中岡 :私の学科はオールイングリッシュなんで、ドイツ語は必要なかったし、卒業するまでにも必要ないので、そんなにドイツ語話者は多くないです。クラスメイトが20人いたら2人ドイツ人で、あとはみんなインターナショナルなので、ドイツ語喋らなきゃっていうプレッシャーもあまりないですね。でも卒業した後は、仕事の面とか生活の面とかでドイツ語がすごく重要になると思うので、 それを考えてドイツ語を勉強してるみたいな感じです。
小林 :お2人は英語ですもんね。
大竹 :英語ですね。
上野:ずっと英語ですね。
小林 :どういう感覚ですか。自分は英語の本を読む時、よいしょ、さあ読むぞみたいな感じなんですけど。
大竹 :例えば今回日本に帰ってきて、アメリカに戻るぞってなった時は、多分よいしょってしなきゃいけない。 でも普段日常的に生活してる分には周りにほとんど日本人がいないから、もうずっと英語で、日本人に会った時に日本語喋んなきゃってなると、うってなるっていうのが結構あります。
上野 :同じ感じですね。
小林 :逆に日本語が出てこなくなりますか。
大竹 :なりますね。でも日本人が少ないから、その学科の人たちが結構珍しがって、日本語教えてくれよみたいになる。そういう時に日本語を教えることはあるけど、自分の方言を教えたくなっちゃって。出身が愛知県の岡崎なので三河弁を布教してます。何か食べなよっていう時に「食べりん」とか、 そうだよねっていう時は「そだら」とかっていう風に言うので、そういう風なアクセントを教えて、今うちの学科の人たちが日本語喋る時は、三河弁で喋る。なかなか喋る機会がないと忘れがちですよね。
上野 :そうですね。特に対面がないと、どうやって間を取っていいかとか、すぐ自分の言いたい日本語が出てこないっていうのはたくさんあるかもしれないです。
小林 :そこから派生させて息抜き的な話に繋げようかなと思うんですけど、お2方含めて制作の時に家帰って、例えば日本語のyoutubeを見たりしますか。息抜きどうやってんのかとか、息抜き中の言語とか気になります。

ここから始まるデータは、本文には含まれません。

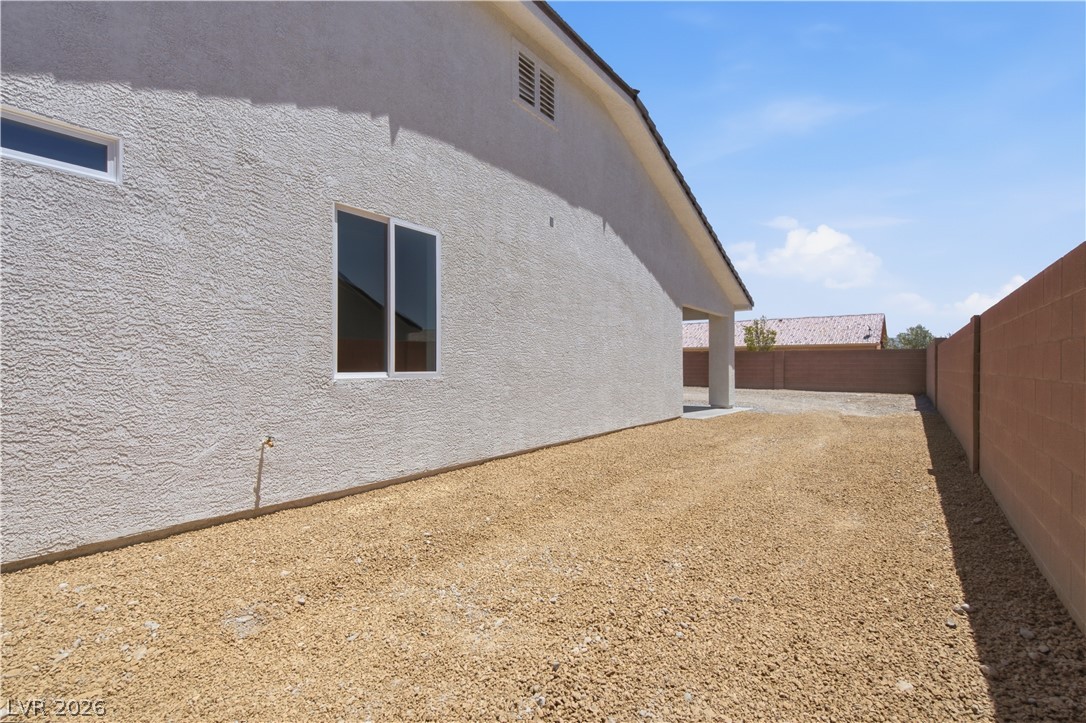 4821 Stoneham Street Pahrump NV 89061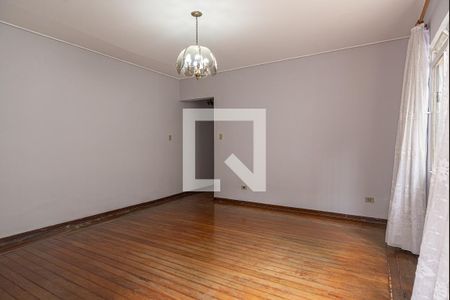 Sala 2 de casa para alugar com 2 quartos, 150m² em Bela Vista, São Paulo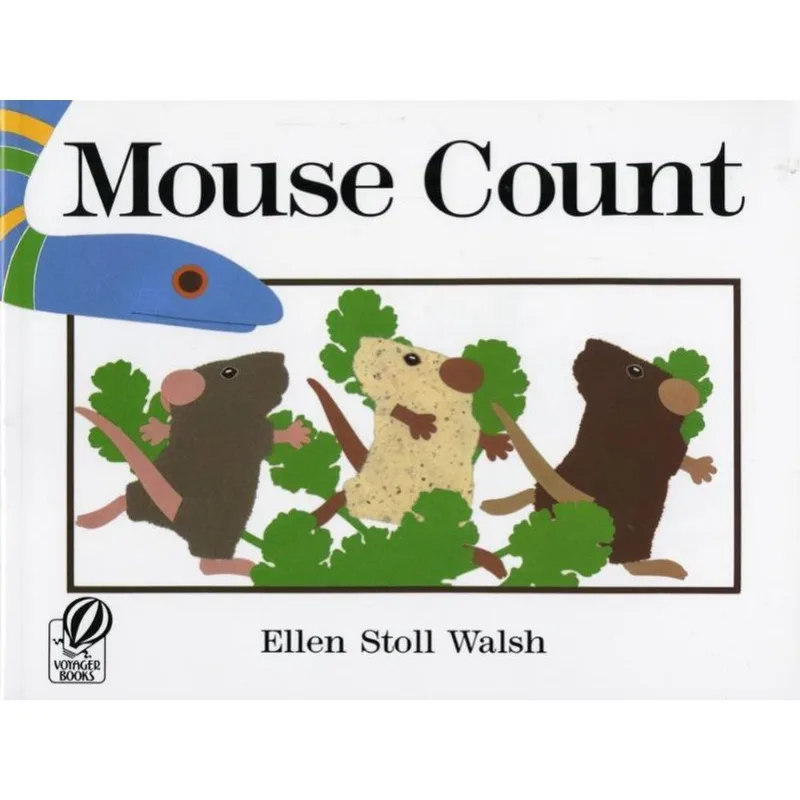 MOUSE COUNT
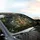 Mystical Woodland Mushroom Fungi Fern Daisy Butterfly Snail Car Interior Upgrade Car Sunshade - 6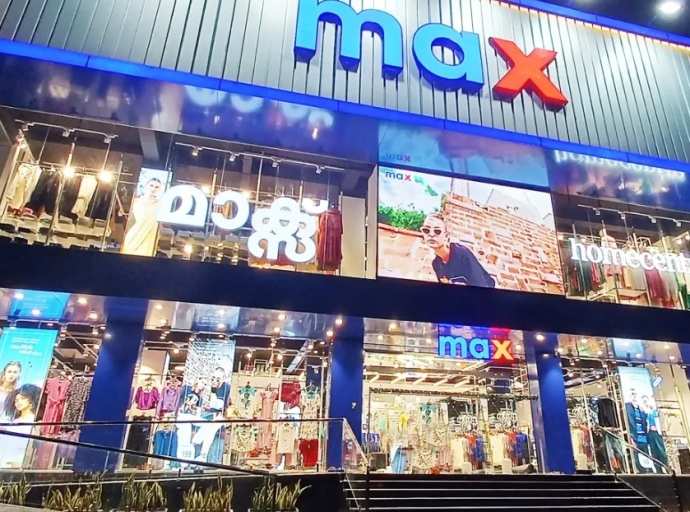 Max Fashion to strengthen supply chain in Vietnam, India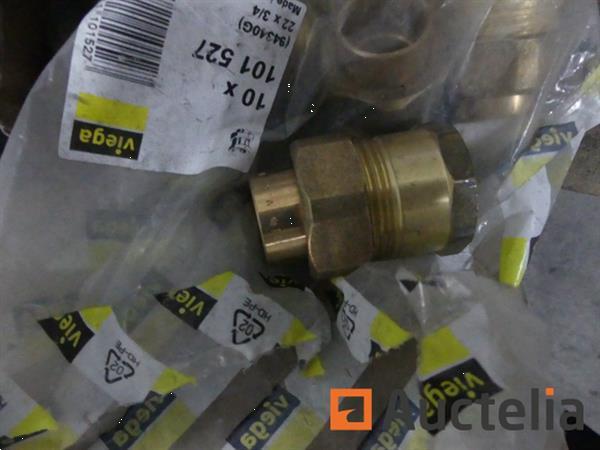 Grote foto aquatherm sanitair montage accessoires doe het zelf en verbouw onderdelen en accessoires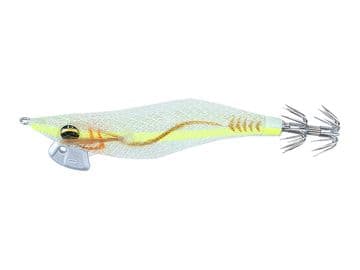 Daiwa Egi Emeraldas Light 2 #2.5 Luminous - Pink Glow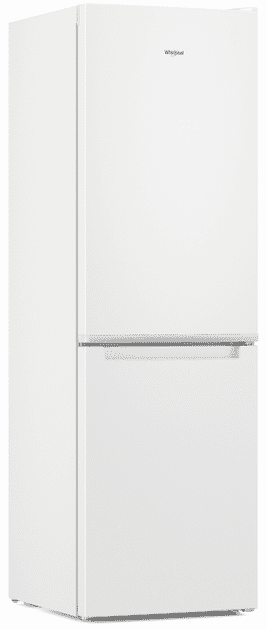 Холодильник з морозильною камерою Whirlpool W7X 82I W  Фото №0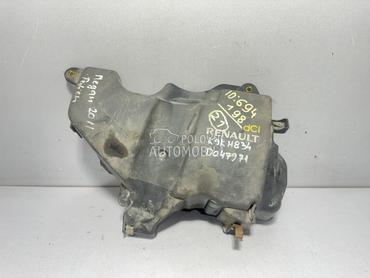 POKLOPAC MOTORA za Renault Megane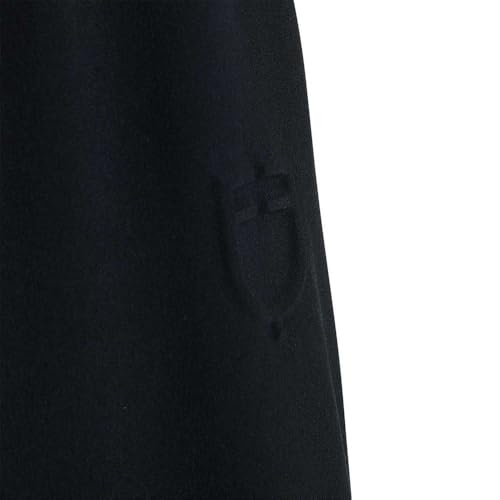Veste équitation softshell femme coupe-vent avec capuche taille L - 5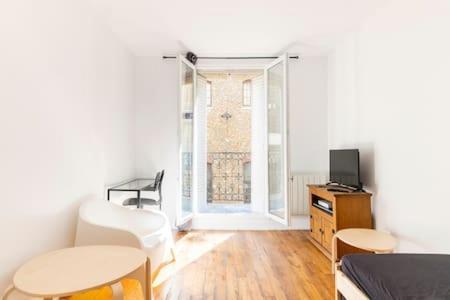 New Entiry Apartment-Private Rooms In パリ エクステリア 写真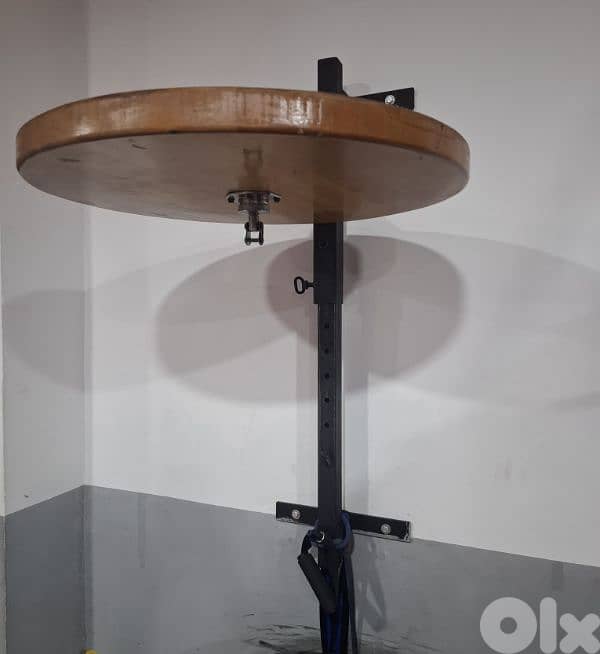 For Sale: Speedball Platform 1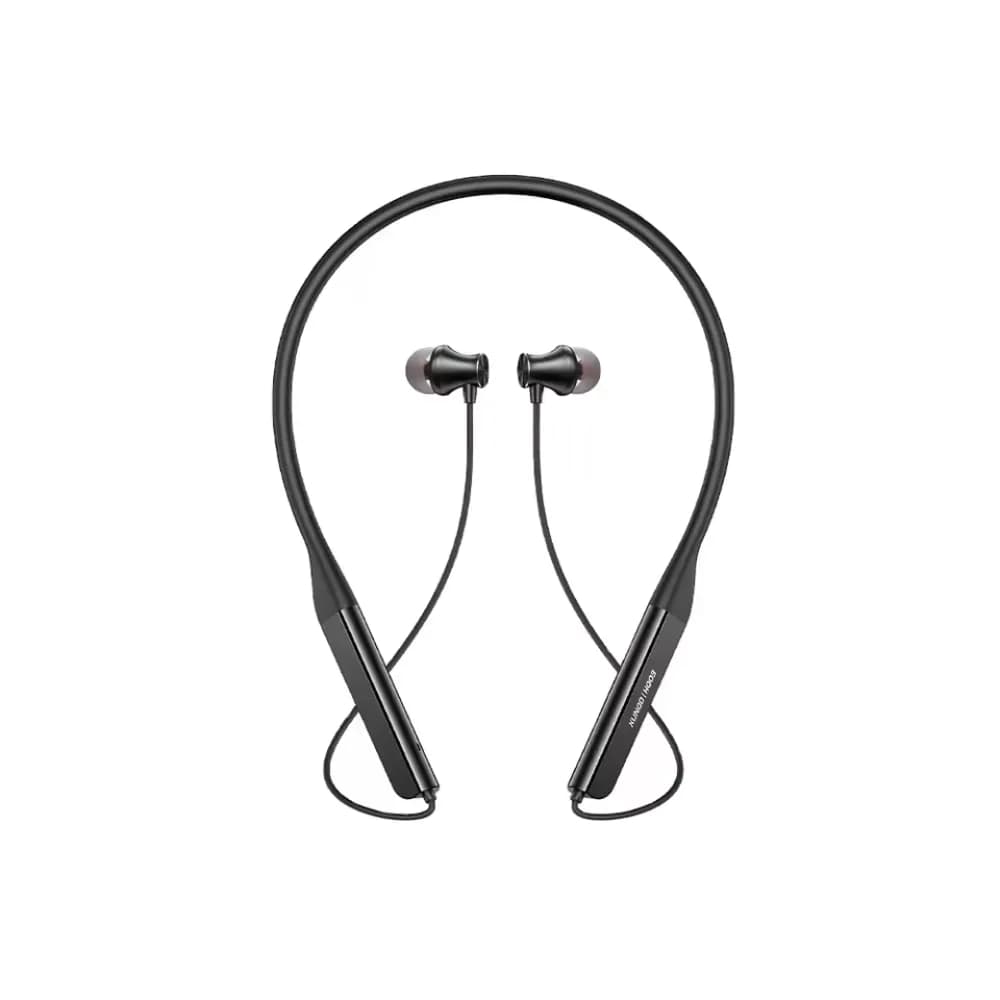 XUNDD H003 Neck Mount Headphones with ENC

上野 :私の息抜きには言語が多分ないです。 逆に言語コミュニケーションがあんまり得意ではなかったので、クリエイティブの方に行ったっていうのがあるので、 本当にいっぱいいっぱいになるとなるべく見たくない。両方の言語とも。
小林 :何してるんですか。
上野 :最終的には寝る。食べる。散歩する。長時間散歩。
大竹 :私も長時間散歩しますね。マンハッタンの自分の住んでるところから、MOMAがあるところまでばーって1時間半かけて歩いたりとか、蛇行しながら隠れ画的なカフェとかを見つけて、それをgoogleマップに登録して、じゃあ今度誰かと会う時にここ行ってみようとか。金銭的な面だったりとか自分のエネルギー的な面でも、ニューヨークにあとどのぐらいいられるのかはわからないので、いられるうちに色々模索しようってので。 マンハッタンとブルックリン、その島とまた別の島があって、その間を橋が何本かかかってるんですね。その島を歩いてみたりとか。 そうすると制作からちょっと離れてるような気がして、リフレッシュできていいな。長時間散歩っていいですよね。
小林 :歩いたらMOMAがあるっていうのはすごいすごい。いいな。 中岡さんも散歩しますか。
中岡 :夏はしますけど、冬は外にいるのが寒すぎる。
小林 :わかります。天気ね。
中岡 :春が来た時に、本当に自分の制作のモチベーションが全然変わって、いろんな街も歩くようになって、自分の近所を知って、遠出もするようになって、なので季節によって制作との距離感が変わるなっていうのがあります。
大竹 :ベルリンの冬は雪なんですか。曇り?
中岡 :雪は降らないです。雪が降っても少量で大体曇ってます。土地によって変化がありますよね。自分がモチベーションなくなった時、実は自分のせいだけじゃなかったりして、天候のせいだったりとか。何が問題なのか冷静になって考えるようになりました。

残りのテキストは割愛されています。